**Your objective:**
Every line of the listing below from the one with "2 bedrooms, iron/ironing" up to and including the one with "For Sale: $675,000" should be retyped exactly, and nothing else; pictures are not part of the copy.

**Dataset entries:**
'''

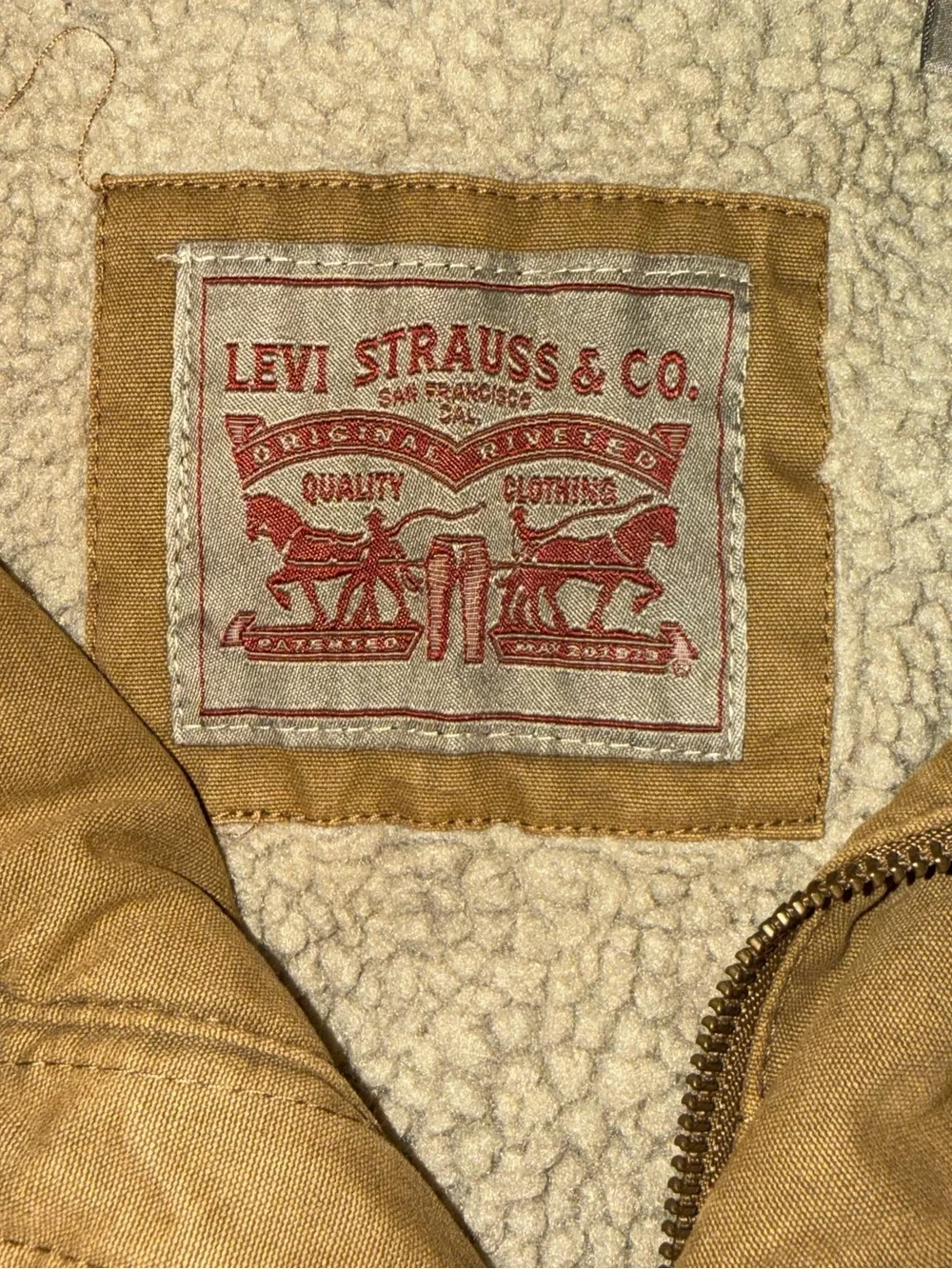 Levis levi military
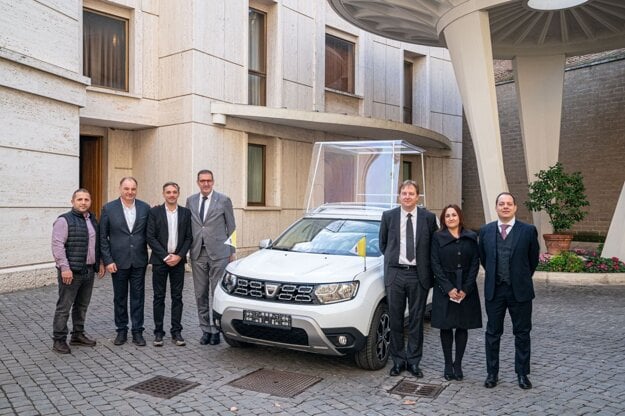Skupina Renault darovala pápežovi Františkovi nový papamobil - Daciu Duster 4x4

'''
'''

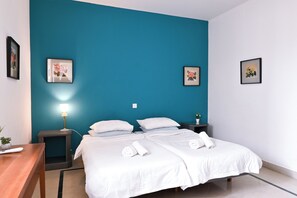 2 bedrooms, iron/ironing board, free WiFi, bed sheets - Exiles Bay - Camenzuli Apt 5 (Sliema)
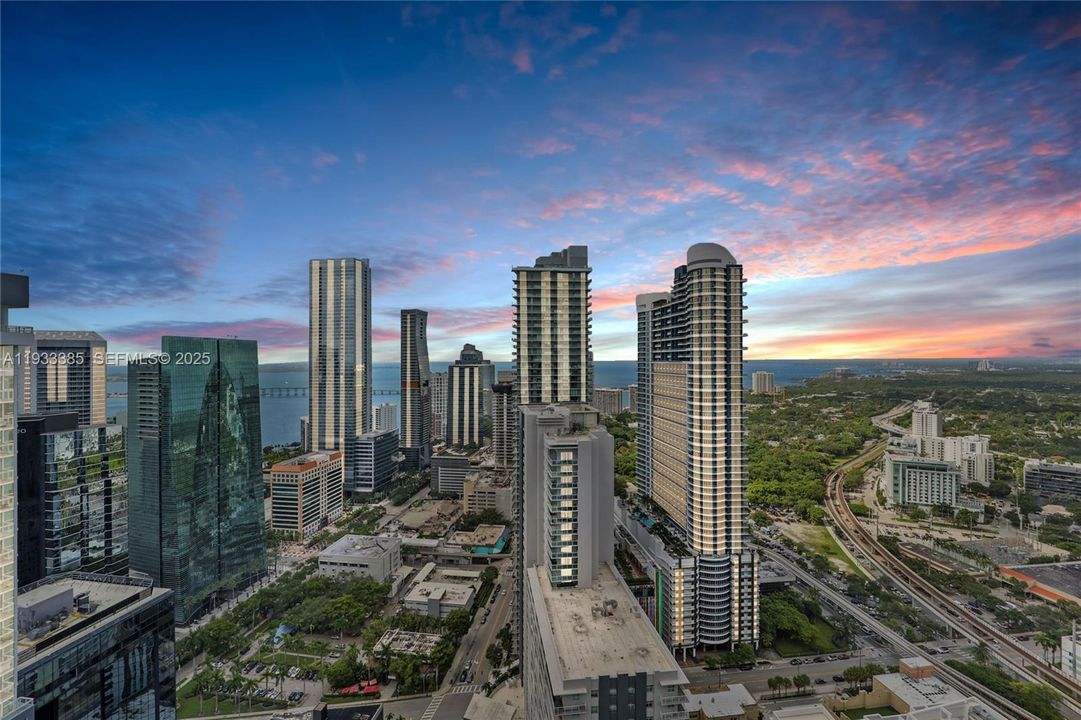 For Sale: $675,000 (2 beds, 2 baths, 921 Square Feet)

'''

**Exercise response:**
 2 bedrooms, iron/ironing board, free WiFi, bed sheets - Exiles Bay - Camenzuli Apt 5 (Sliema)
 For Sale: $675,000 (2 beds, 2 baths, 921 Square Feet)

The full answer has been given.